Czy ktoś jeszcze pamięta ubiegłoroczny, wielomiesięczy seans Salon24TV ze wspomnianym kabalarzem w roli głównej w mrożącym krew w żyłach filmie pod tytułem: "PiS nigdy nie dojdzie do władzy"? Kilkakrotnie, już po wyborach 25 października, prosiłem tutejszą derekcję o retrospektywny przegląd seansów  Markowskiego, ale jak dotąd bezskutecznie, bo w Salonie24 chcieć to ja sobie mogę... Jak łatwo się domyślić, ta akurat wizja  utytułowanego naukowo wróżbity wzięła w łeb - nobody's perfect.

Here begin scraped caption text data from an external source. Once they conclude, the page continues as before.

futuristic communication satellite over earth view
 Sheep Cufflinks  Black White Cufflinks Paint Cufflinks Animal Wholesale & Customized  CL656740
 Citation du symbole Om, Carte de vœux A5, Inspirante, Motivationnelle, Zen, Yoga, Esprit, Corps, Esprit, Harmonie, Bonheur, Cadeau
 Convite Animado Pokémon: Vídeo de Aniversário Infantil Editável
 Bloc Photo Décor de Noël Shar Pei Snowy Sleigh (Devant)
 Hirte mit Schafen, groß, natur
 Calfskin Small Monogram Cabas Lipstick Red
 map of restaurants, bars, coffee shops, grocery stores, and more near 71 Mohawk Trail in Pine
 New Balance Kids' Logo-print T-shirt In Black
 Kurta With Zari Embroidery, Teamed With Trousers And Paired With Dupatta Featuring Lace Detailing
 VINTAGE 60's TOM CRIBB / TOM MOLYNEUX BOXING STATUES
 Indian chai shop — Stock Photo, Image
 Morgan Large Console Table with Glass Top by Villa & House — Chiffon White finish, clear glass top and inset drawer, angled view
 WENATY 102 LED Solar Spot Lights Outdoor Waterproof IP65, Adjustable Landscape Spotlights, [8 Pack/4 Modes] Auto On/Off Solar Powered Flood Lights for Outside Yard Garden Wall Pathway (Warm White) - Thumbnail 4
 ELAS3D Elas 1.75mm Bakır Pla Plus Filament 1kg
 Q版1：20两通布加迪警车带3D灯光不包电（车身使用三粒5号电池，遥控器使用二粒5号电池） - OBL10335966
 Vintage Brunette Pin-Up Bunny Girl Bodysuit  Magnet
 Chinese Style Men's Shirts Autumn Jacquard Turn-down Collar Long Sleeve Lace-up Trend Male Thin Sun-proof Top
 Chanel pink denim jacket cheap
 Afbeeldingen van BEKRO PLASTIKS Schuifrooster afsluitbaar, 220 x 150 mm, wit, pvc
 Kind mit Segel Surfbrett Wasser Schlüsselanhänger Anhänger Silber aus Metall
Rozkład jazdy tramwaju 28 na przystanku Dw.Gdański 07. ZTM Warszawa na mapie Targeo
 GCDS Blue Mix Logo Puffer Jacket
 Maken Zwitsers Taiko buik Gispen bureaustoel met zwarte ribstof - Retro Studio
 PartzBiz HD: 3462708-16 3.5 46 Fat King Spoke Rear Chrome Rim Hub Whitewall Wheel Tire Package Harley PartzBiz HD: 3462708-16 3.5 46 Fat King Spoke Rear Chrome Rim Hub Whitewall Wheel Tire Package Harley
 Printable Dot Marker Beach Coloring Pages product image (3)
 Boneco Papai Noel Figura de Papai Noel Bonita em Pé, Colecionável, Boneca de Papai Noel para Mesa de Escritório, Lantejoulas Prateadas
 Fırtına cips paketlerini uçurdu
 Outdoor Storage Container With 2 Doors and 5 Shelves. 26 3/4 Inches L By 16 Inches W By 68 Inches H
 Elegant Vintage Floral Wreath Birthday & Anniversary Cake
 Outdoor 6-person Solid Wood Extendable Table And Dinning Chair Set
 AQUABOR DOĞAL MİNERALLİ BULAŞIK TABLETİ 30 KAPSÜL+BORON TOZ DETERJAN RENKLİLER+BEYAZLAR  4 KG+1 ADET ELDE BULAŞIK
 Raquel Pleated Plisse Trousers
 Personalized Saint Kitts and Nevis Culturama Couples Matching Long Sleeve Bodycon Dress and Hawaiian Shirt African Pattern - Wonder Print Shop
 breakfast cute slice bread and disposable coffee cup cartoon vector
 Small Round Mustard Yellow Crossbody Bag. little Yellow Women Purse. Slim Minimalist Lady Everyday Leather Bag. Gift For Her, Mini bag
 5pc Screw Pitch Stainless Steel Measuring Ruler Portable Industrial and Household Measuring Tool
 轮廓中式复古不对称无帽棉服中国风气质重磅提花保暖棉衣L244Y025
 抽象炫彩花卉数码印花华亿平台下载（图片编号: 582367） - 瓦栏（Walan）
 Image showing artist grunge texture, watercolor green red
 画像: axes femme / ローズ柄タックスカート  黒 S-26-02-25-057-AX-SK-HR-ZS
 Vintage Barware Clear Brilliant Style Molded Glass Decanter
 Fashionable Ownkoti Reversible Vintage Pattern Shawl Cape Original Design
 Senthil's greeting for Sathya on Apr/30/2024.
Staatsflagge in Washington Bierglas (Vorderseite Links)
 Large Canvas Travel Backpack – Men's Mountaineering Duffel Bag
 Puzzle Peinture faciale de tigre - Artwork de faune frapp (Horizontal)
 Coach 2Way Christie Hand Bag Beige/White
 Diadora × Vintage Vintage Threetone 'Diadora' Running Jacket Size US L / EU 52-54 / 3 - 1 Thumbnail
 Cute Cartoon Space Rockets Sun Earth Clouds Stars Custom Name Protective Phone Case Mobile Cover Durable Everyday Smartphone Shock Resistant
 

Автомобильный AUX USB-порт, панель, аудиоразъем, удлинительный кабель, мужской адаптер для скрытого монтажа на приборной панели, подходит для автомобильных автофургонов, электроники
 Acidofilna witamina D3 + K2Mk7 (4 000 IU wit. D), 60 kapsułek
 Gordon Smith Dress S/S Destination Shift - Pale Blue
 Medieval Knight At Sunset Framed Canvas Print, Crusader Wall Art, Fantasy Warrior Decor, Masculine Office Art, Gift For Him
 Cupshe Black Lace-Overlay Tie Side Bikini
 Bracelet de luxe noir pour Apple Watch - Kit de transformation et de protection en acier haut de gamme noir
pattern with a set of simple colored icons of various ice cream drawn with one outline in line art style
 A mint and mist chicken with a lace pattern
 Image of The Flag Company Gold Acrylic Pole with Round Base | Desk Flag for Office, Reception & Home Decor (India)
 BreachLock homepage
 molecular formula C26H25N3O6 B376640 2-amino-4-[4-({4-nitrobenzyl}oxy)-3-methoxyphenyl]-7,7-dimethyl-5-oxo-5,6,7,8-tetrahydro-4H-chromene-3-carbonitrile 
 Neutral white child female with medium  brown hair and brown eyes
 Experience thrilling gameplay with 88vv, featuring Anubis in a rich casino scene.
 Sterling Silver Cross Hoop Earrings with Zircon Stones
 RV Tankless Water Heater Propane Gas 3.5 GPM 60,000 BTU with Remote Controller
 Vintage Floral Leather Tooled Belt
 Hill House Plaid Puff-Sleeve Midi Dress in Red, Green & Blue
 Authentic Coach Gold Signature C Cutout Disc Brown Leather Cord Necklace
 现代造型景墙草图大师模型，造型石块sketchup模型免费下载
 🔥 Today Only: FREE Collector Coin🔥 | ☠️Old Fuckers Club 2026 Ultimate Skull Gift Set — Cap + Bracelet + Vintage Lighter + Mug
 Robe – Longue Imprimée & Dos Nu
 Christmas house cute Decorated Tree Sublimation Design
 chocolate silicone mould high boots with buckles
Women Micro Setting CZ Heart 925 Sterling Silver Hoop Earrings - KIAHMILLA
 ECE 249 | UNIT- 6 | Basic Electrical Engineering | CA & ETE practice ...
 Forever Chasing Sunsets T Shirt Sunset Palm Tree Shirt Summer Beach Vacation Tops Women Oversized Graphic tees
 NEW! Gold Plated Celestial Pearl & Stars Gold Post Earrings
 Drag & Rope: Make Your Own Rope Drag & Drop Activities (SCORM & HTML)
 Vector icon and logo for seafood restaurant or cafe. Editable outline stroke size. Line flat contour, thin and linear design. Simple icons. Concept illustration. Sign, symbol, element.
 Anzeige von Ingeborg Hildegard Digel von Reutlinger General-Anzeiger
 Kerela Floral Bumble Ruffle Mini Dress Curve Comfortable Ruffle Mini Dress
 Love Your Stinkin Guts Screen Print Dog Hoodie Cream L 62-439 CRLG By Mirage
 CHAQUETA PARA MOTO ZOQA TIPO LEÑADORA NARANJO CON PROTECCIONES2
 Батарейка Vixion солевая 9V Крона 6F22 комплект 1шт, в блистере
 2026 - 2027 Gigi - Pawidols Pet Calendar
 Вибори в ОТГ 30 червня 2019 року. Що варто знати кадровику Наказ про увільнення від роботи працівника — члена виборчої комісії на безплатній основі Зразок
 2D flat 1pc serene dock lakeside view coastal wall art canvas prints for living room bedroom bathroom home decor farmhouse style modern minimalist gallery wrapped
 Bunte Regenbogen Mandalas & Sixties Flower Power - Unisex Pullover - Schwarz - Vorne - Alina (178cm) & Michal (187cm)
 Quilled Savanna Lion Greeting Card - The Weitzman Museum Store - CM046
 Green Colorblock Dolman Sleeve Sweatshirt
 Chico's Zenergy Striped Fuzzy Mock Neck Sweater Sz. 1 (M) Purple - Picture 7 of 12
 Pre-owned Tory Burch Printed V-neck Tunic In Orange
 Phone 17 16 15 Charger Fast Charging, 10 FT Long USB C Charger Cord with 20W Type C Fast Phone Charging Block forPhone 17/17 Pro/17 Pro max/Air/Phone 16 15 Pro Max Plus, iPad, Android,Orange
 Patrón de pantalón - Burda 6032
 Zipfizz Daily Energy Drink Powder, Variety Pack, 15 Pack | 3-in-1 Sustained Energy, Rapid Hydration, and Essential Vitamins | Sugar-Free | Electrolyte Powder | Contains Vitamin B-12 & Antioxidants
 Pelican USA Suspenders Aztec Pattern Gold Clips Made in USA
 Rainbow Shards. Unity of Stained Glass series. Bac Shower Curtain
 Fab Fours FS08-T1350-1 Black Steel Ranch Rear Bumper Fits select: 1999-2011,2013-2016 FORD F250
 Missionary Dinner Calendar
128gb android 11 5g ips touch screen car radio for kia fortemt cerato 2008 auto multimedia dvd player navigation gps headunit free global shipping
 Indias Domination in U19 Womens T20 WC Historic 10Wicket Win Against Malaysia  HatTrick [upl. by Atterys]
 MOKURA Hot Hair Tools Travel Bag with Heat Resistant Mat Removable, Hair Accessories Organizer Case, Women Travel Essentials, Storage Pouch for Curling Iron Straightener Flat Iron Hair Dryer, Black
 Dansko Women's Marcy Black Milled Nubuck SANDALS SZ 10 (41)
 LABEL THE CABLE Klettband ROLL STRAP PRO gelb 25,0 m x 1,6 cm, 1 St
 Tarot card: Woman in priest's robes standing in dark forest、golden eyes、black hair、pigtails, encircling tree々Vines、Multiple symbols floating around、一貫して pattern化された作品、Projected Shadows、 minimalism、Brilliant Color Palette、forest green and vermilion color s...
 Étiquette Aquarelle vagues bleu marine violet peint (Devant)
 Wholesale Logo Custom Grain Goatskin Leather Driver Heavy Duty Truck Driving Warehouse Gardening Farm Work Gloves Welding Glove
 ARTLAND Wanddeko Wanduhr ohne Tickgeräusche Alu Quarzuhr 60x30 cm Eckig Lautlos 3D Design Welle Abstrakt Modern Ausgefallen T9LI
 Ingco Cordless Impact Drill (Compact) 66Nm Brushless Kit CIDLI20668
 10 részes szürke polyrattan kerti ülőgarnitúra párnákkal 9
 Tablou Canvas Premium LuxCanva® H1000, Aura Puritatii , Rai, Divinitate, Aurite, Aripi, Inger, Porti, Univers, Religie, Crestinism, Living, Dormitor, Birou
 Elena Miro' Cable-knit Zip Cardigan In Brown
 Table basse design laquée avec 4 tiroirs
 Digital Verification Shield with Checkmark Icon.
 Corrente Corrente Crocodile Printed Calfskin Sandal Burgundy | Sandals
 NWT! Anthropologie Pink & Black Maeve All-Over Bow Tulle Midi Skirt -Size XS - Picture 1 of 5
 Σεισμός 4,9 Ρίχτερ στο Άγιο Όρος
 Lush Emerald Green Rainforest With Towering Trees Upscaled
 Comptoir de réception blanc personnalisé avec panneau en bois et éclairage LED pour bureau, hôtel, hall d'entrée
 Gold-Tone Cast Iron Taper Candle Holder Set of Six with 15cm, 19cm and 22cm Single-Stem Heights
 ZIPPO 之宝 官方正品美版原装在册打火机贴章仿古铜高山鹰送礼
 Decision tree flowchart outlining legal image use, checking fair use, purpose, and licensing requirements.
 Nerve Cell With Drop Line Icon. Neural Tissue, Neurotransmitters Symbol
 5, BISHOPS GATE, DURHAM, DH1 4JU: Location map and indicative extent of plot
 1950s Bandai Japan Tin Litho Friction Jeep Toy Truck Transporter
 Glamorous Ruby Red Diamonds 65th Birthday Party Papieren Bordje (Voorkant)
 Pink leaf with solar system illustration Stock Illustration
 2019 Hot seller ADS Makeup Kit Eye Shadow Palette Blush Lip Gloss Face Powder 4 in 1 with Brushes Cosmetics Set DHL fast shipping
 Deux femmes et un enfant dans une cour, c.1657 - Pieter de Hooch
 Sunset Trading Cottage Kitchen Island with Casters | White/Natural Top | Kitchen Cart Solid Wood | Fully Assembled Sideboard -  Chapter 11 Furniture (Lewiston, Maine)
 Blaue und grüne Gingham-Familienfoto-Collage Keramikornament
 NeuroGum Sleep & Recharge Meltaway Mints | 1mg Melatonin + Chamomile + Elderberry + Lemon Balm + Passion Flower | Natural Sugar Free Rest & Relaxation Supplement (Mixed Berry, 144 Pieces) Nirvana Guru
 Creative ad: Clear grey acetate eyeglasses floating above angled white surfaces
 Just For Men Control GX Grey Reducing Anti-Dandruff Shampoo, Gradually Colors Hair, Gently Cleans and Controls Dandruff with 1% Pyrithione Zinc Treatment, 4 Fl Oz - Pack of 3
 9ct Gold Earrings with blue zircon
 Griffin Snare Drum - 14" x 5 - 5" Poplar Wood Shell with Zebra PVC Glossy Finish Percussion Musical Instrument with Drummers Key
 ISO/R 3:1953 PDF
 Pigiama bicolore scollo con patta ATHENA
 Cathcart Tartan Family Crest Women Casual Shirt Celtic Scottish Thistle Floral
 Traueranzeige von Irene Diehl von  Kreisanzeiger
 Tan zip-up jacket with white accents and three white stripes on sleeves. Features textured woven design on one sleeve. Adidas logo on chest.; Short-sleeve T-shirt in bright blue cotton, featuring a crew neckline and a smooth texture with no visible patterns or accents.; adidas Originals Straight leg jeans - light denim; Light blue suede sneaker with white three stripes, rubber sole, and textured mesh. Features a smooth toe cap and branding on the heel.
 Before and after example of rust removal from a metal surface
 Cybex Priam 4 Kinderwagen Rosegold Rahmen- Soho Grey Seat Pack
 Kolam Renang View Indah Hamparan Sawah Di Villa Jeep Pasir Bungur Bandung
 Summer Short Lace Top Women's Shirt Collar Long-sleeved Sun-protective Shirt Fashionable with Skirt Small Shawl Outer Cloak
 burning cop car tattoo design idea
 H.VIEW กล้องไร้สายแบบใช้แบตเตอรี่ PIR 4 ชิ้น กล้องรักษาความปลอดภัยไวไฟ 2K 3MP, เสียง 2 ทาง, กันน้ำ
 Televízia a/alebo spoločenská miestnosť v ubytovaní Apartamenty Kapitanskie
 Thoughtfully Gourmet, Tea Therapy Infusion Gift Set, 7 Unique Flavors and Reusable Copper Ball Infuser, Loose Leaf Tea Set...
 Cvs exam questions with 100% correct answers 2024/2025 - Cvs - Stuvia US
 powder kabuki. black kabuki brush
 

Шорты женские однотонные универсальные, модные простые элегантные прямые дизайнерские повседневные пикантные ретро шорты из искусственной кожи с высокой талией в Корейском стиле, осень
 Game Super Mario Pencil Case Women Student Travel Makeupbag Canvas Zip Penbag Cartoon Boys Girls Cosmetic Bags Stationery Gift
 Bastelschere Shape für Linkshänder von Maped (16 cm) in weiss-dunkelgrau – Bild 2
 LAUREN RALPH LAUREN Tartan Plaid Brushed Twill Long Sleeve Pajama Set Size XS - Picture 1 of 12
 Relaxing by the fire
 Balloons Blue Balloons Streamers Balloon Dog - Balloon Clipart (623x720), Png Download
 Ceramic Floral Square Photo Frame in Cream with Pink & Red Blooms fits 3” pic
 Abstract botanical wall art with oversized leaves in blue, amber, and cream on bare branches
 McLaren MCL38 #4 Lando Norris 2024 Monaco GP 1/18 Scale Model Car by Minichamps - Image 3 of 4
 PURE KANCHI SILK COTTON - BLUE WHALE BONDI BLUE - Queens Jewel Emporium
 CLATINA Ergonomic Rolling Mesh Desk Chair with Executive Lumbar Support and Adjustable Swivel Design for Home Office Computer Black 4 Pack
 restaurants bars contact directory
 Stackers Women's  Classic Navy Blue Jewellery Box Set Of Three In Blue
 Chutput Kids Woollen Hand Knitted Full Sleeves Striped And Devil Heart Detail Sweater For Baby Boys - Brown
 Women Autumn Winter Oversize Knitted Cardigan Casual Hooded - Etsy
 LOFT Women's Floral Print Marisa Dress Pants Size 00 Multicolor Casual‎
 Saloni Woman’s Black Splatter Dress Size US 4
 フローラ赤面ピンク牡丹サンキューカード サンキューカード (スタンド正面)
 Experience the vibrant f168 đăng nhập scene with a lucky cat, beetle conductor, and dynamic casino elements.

http://wiadomosci.gazeta.pl/wiadomosci/1,114873,8699376,_PiS_w_tej_formule__z_tym_liderem__nigdy_nie_dojdzie.html

Tymczasem, po okresie względnego spokoju, jasnowidz Radosław niepomny klęski powrócił i pokusił się o kolejną, opartą o szeroką naukową analizę myśli, marzeń i snów Kaczyńskiego, rządu, Prezydenta, wizję apokalipsy.

To nie przypadek, że partia uzurpująca sobie prawo przemawiania w imieniu narodu tak się go perspektywicznie boi, że organizuje jednostki militarne, bo wie, że wcześniej czy później ulica będzie decydowała o tym, co się z nią stanie - powiada Markowski.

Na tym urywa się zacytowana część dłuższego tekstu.